JA北海道信連は23日、農業生産法人の連携強化を目指した「JAグループ北海道農業経営フォーラム~今こそ考える 何ができるか~」を札幌パークホテルで開催、系統団体や単協、農業生産法人、個人経営農家など約500人が出席した。カゴメの農業資源担当者や農業経営コンサルタントなど3人の講師が法人経営の課題や6次産業化の実例などを紹介した。(写真上段左からカゴメの佐野泰三氏、アグリビジネス・ソリューションズの森剛一氏、下段は西上経営組合の竹俣広幸氏)

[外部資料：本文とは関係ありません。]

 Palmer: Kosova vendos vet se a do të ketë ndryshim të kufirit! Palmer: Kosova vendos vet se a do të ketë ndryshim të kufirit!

最初に『進展するアジアのトマト農業からみた北海道野菜産業への提言』をテーマに講演したのはカゴメ常務執行役員農業資源担当の佐野泰三氏。中国のトマト産業は2008年で収穫面積150万ha、生産量は3380万tで世界規模に達していることを紹介、韓国では04~06年で生鮮トマト消費量が倍増したとし、その要因の一つが家庭での生絞りトマトジュースによるものと指摘した。
これからの農物の食マーケティングは「農業から需要を考えるのではなく、需要から農業を考えること、耕す農業や納める農業から売れるもの、求められるものを作りビジネスとして利益を得る経営的農業を目指さなければならない」と提言した。
また「中国の高速道路には緑色道という緑色の看板を目にすることがある。これは有機栽培農産物を運ぶ場合は高速料金が無料でガソリン代も補助するという看板。中国は交通インフラにも農業支援の手を差し伸べている。北海道も農産物を消費地に運ぶのに支援を考えても良いのではないか」と提案していた。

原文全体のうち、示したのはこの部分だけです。